According to the algorithm presented in Section 3.2.1, the inverse matrix, $H^{-1}$, is obtained, and the image coordinates$Pi{c}_{uv}^1\left(x^1,y^1,0\right),Pi{c}_{uv}^2\left(x^2,y^2,0\right),Pi{c}_{uv}^3\left(x^3,y^3,0\right)$, and $Pi{c}_{uv}^4\left(x^4,y^4,0\right)$on the video frame corresponding to$Ge{o}_{uv}^1\left(X^1,Y^1,0\right),Ge{o}_{uv}^2\left(X^2,Y^2,0\right),Ge{o}_{uv}^3\left(X^3,Y^3,0\right)$, and$Ge{o}_{uv}^4\left(X^4,Y^4,0\right)$, respectively, are solved. According to the coordinates of the four points on the video frame, the minimum area, $S_{uv}^{\prime }$, of the external rectangle of the object on the image, that is, the minimum value, $Mi{n}_{uv}$, of the threshold, can be calculated, as shown in Equation. (18). According to Section 3.2, the object size remains unchanged at the same position, but the size changes at different positions.
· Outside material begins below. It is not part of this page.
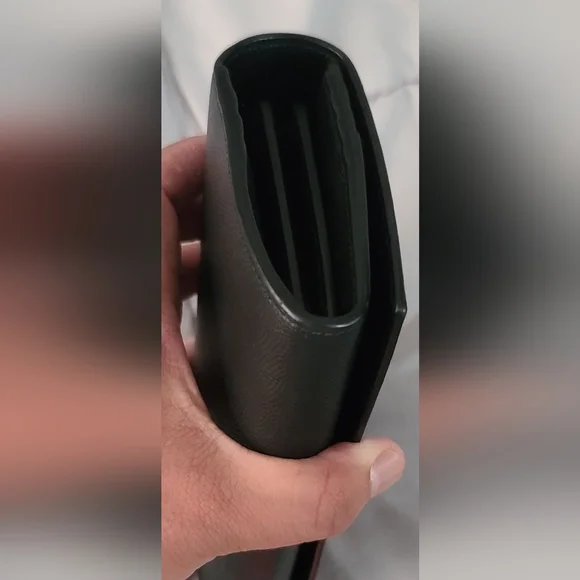 Authentic YSL black leather long wallet - Picture 12 of 15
In the experimental setting, the empirical threshold, $Ma{x}_{uv}$, is obtained after many experiments, as shown in Equation. (19). the image coordinates of the object are$mPi{c}_{uv}^1\left(m{x}^1,m{y}^1,0\right)$, $mPi{c}_{uv}^2\left(m{x}^2,m{y}^2,0\right),mPi{c}_{uv}^3\left(m{x}^3,m{y}^3,0\right)$and$mPi{c}_{uv}^4\left(m{y}^4,m{y}^4,0\right)$.

As shown in Figure 5, when traversing each point within the field of view, the coordinates of the midpoint, the coordinates of the pixel, and the threshold range compose a set that can be expressed as formula (20). This set contains the image coordinates,$C_{uv}\left(x,y,0\right)$, the corresponding geographic coordinates,$R_{uv}\left(X,Y,0\right)$, and the maximum, $Ma{x}_{uv}$, and minimum, $Mi{n}_{uv}$, threshold values of the object at the pixel Obj.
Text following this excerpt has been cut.